Most of the Democratic Party stuck with Menendez through his last ordeal — federal charges for an alleged bribery scheme that ended in a hung jury. The latest investigation into Menendez feels different to many insiders. It’s one year ahead of Menendez’s reelection race, and New Jersey Democrats don’t want to risk what should be a safe seat. There’s a backlog of ambitious North Jersey Democrats who wouldn’t take much convincing to run. And there’s pent up frustration that New Jersey’s senior senator could, for the third decade in a row, put himself in this position.

But Menendez, who’s known to hold political grudges, has said he’s running for reelection in 2024. And absent an indictment, Democrats don’t appear likely to ask him to stand down. That’s partly because of the senator’s strong influence in his home state. But it’s also because, after his prior brushes with the feds, they’re reluctant to be the first to start, as Menendez put it following his failed corruption trial, “digging my political grave.”

One Democratic Menendez challenger, Roselle Park Mayor Joe Signorello III, who heavily criticized the senator for once again being under investigation, has already dropped out to run for a House seat instead. A new longshot challenger, Kyle Jasey, the son of a state lawmaker, recently announced his campaign.

“I believe that our current representative’s multiple scandals make him unfit to serve, and I will do everything in my power to give the people of NJ an alternative who they can believe in,” Jasey wrote on his campaign website.

Menendez has acknowledged the investigation, but one of his top advisers said last year the senator did not know its scope.
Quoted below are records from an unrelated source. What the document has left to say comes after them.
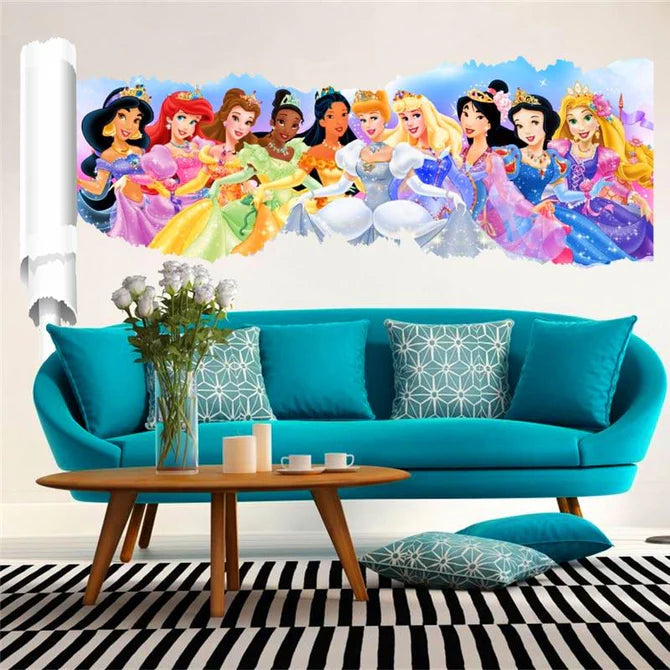 Princess Wall Stickers Disney Princess Children's Room Wall Stickers for Girls or Baby Room Wall Sticker Kids Princess Sticker size 30x90 nc14167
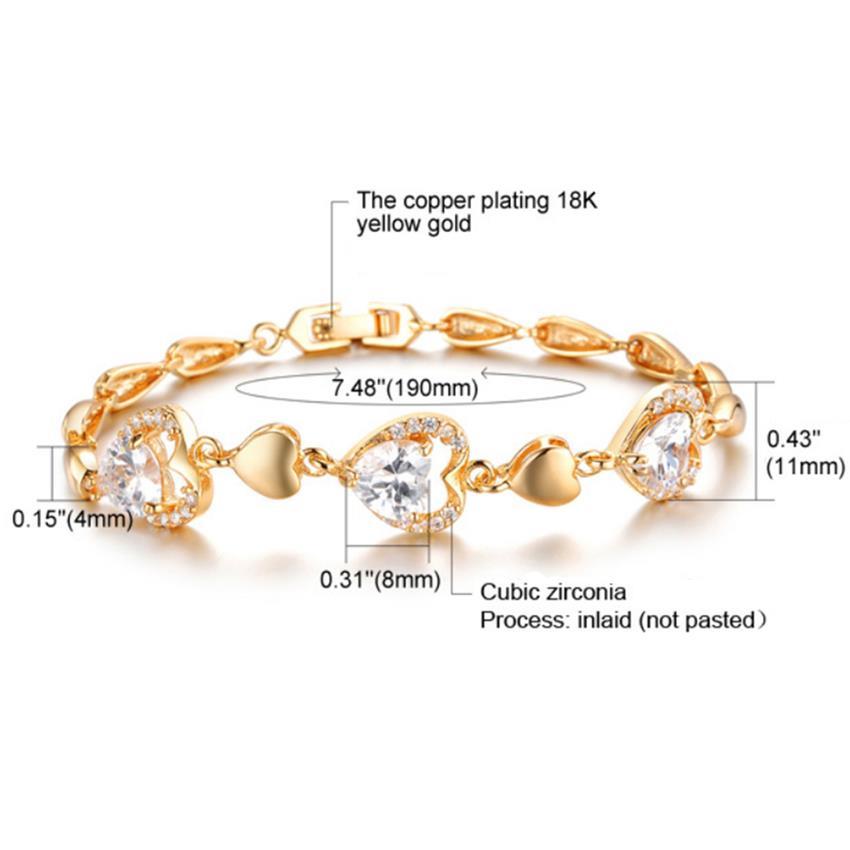 YOUNIQ Premium Heartbeat GemStone 18K Gold Plated Bracelet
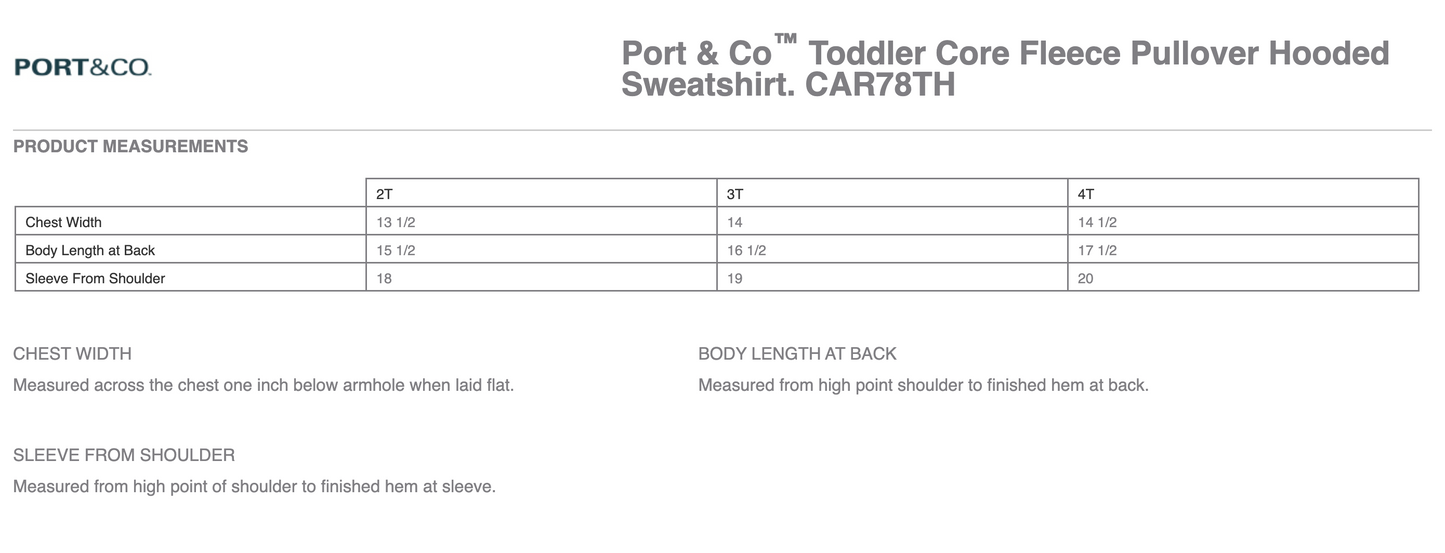 HC - Printed - Port & Co™ Toddler Core Fleece Pullover Hooded Sweatshirt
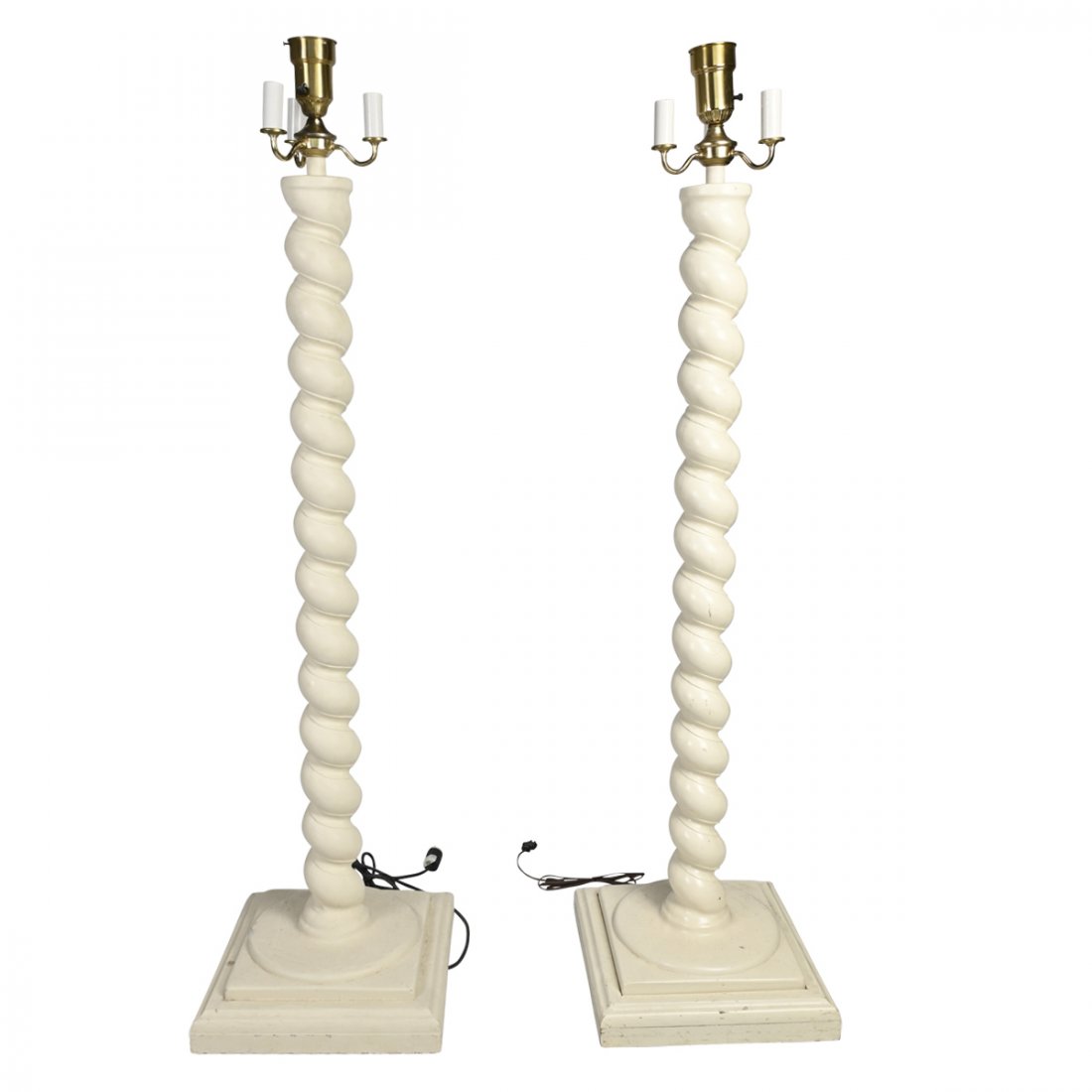 Pair of Michael Taylor Style Floor Lamps.: Pair of Michael Taylor Style Floor Lamps. Each with four lights, white painted plaster barley twist columns. {Approximate dimensions: 71 high x 18 inches wide and deep.}. Provenance: Historic Filoli E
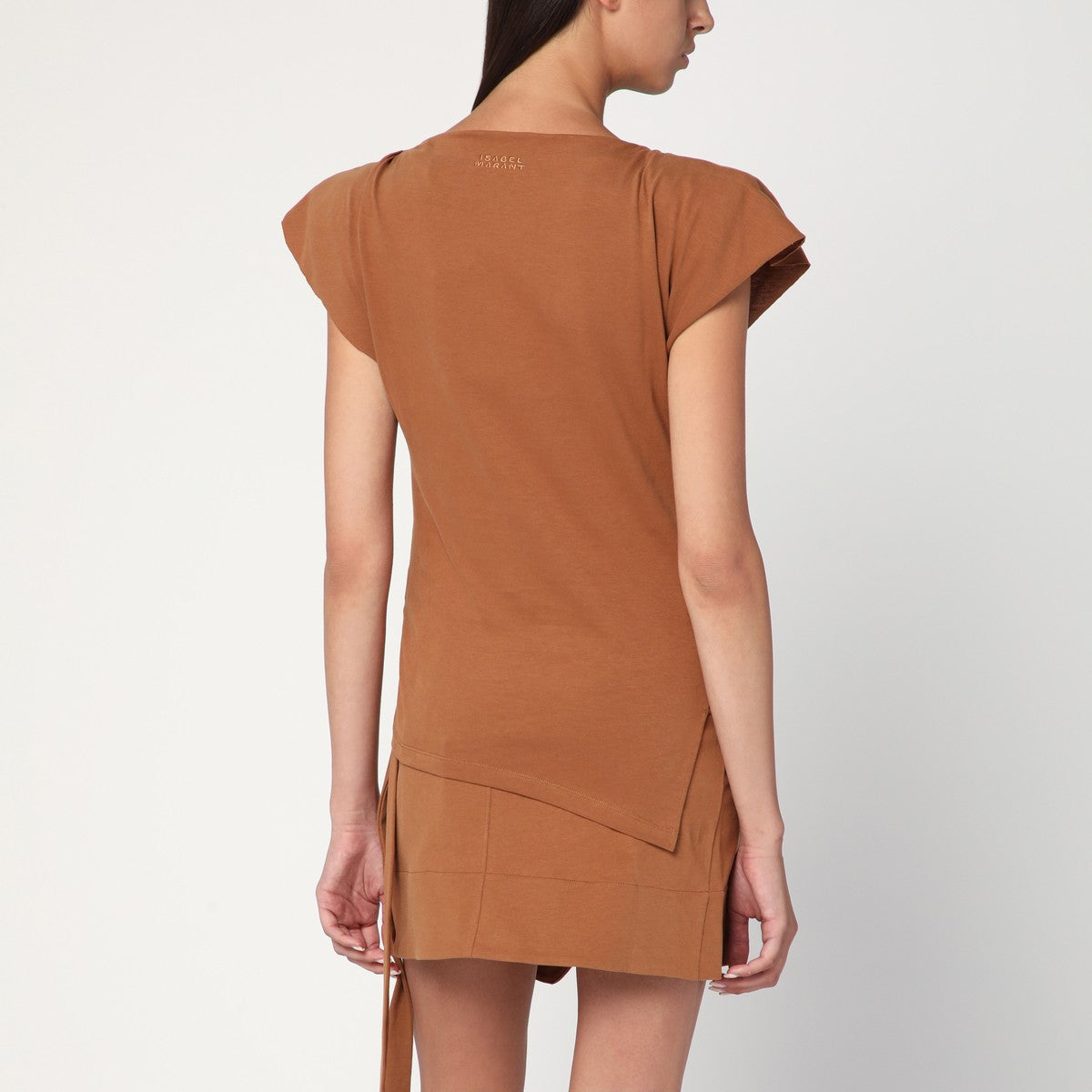 ISABEL MARANT Asymmetrical Sebani T-shirt in caramel colour
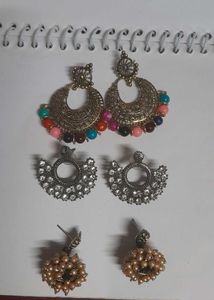 Set of 3 Multi-Color &amp; Pearl Earring Se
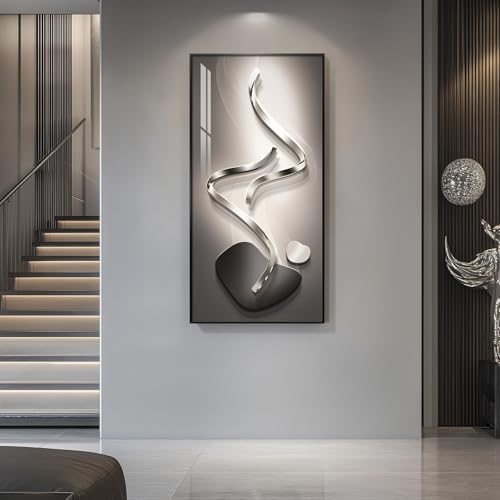 Large Framed Black Gray Abstract Wall Art for Living Room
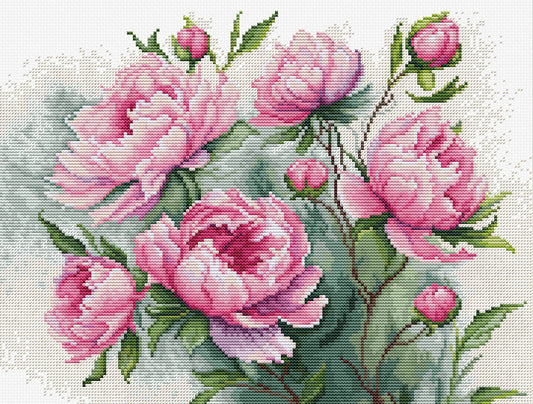 Kit de Punto de Cruz - The Charm of Peonies - B7019 Luca-S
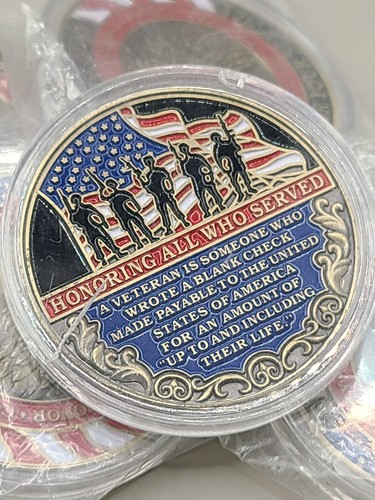 5x Thank You for Your Service Veteran Honoring All Who Served Military 2" Coin - Picture 4 of 5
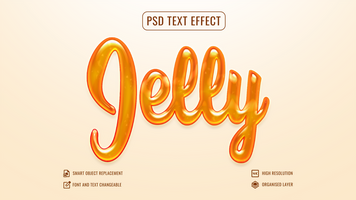 jelly text effect with a golden color psd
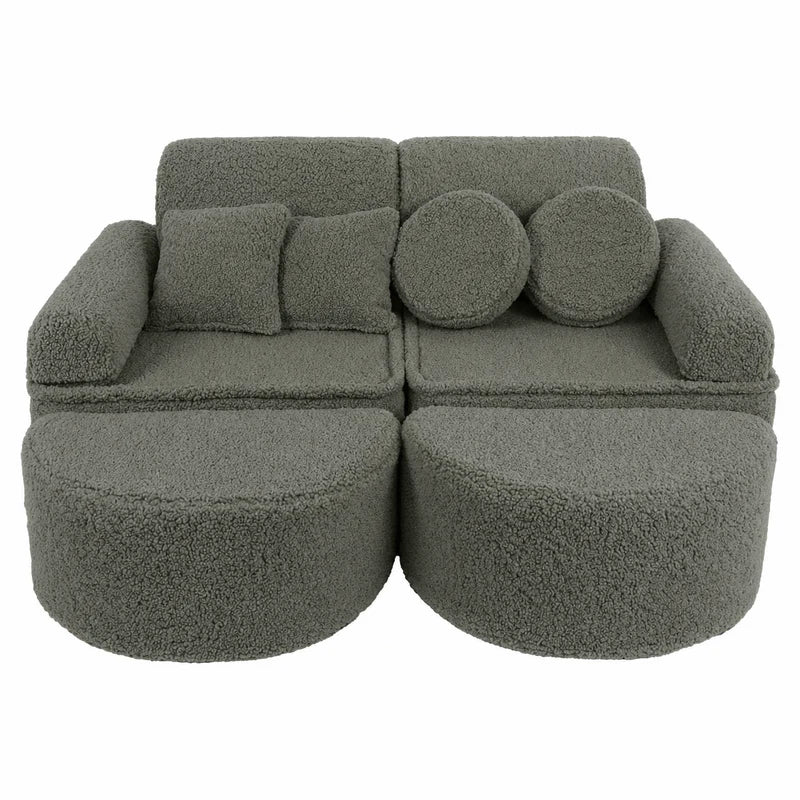 Canapé de jeu modulable Pocket 120cm en peluche Bearly | 12 Pièces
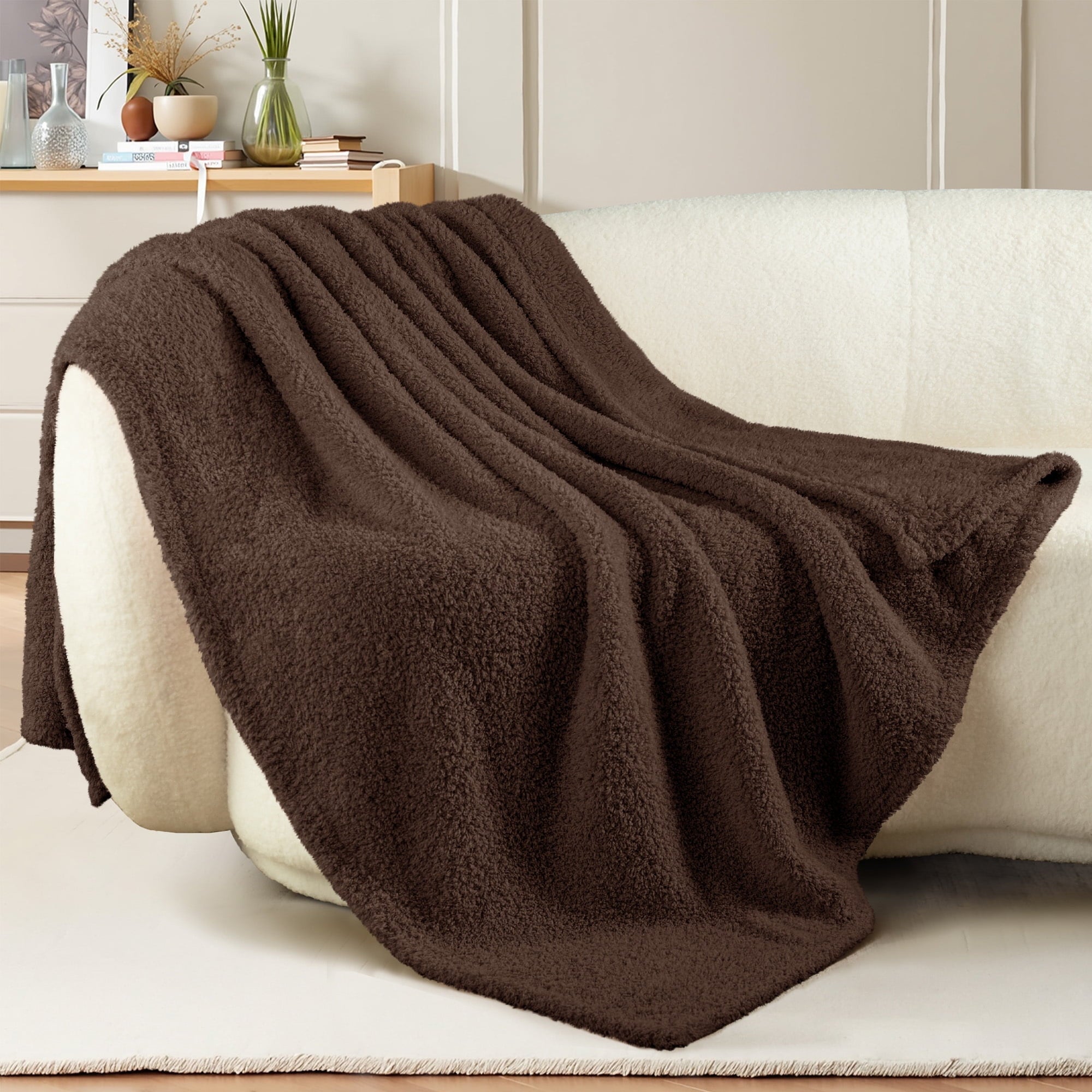 Reversible Sherpa Fuzzy Fleece Throw Blanket for Couch Sofa, Lightweight Fluffy Solid Velvet Blanket, 50x60 Inches, Coffee - Luxury Knitted Decorative Throw Blanket with Fringes - Default Title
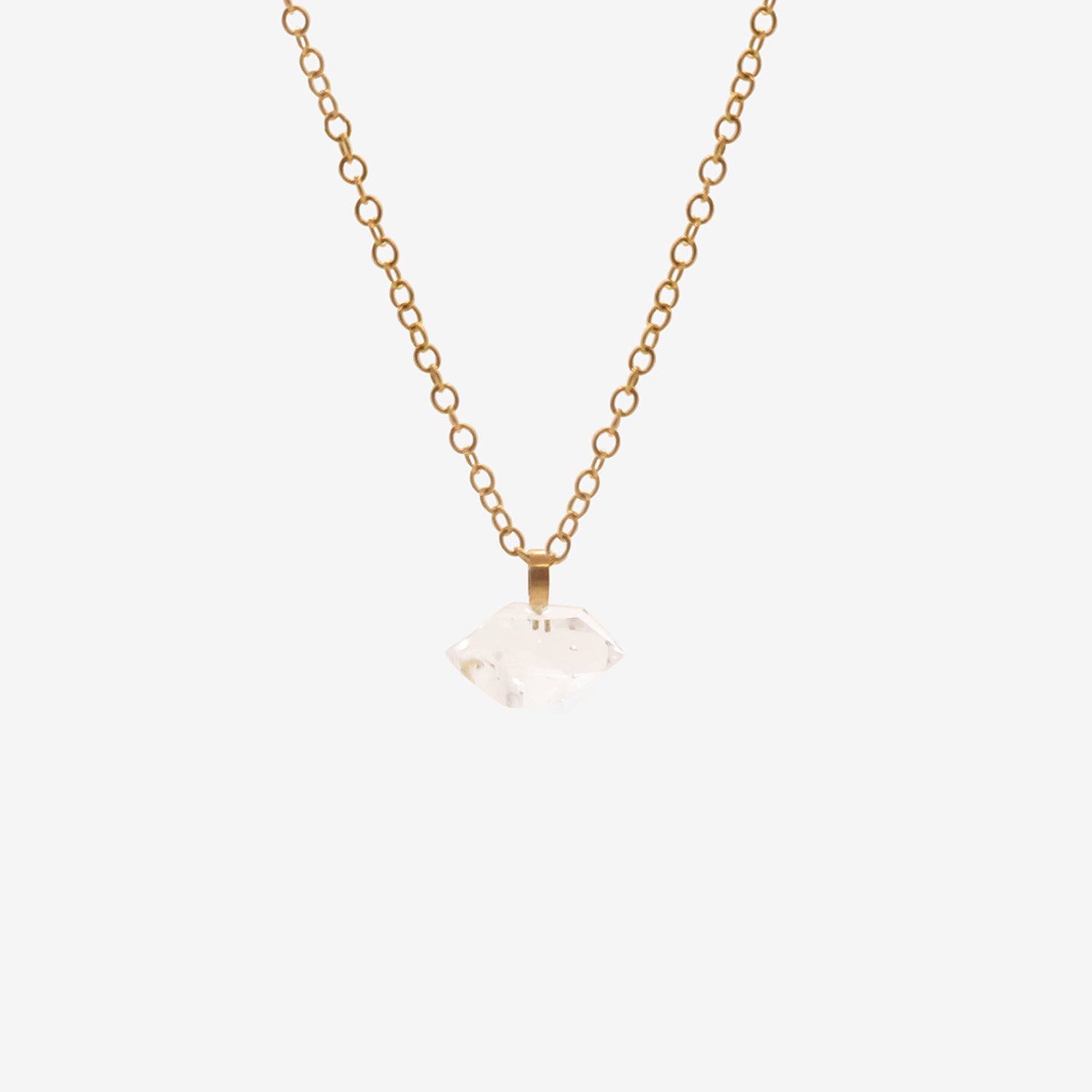 ROSANNE PUGLIESE 22K & HERKIMER DIAMOND CRYSTAL PENDANT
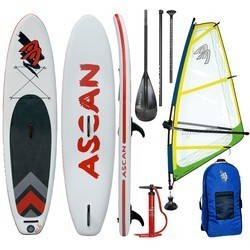 Ascan iSUP Inflatable Windsurf Board 10,6" Set + Ascan Pro Rigg komplett Set Gelb/Grün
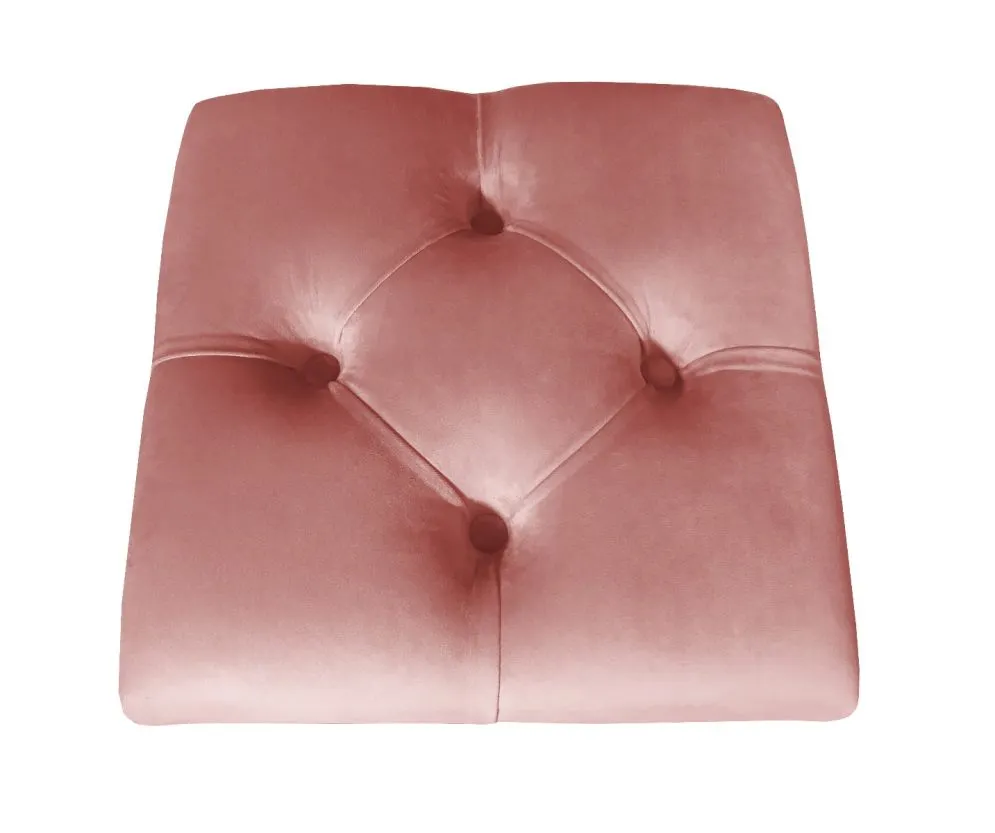 Pufa CHARLIE MG VELVET różowa pikowana do salonu | MIRAT. w stylu GLAMOUR, LOFT kolekcja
He’s set up a legal defense fund in the meantime.

Jennifer Morrill, a spokesperson for Menendez, said the senator “is not distracted by politically-motivated smear campaigns” but instead focused on his work, such as legislation to lower prescription drug prices, expanding veterans’ health care and making housing more affordable. She noted he has nearly $8 million for his reelection.

“This is a clear sign that people know the senator is an effective leader who is getting things done on their behalf and that he fights for the people of New Jersey.”

Menendez’s storybook rise

Menendez grew up the son of Cuban immigrants in Union City, a dense, heavily-Hispanic city of 65,000 in the shadow of Manhattan, in Hudson County. It’s an urban tapestry of political fiefdoms where the line between normal transactional politics and bribery has been blurred for well over a century.

Born to a carpenter father and seamstress mother, Menendez began climbing the political ranks early, joining a ticket for the Union City school board in 1974 with the backing of Mayor William Musto. Four years later, Menendez took on the politically appointed position of board secretary.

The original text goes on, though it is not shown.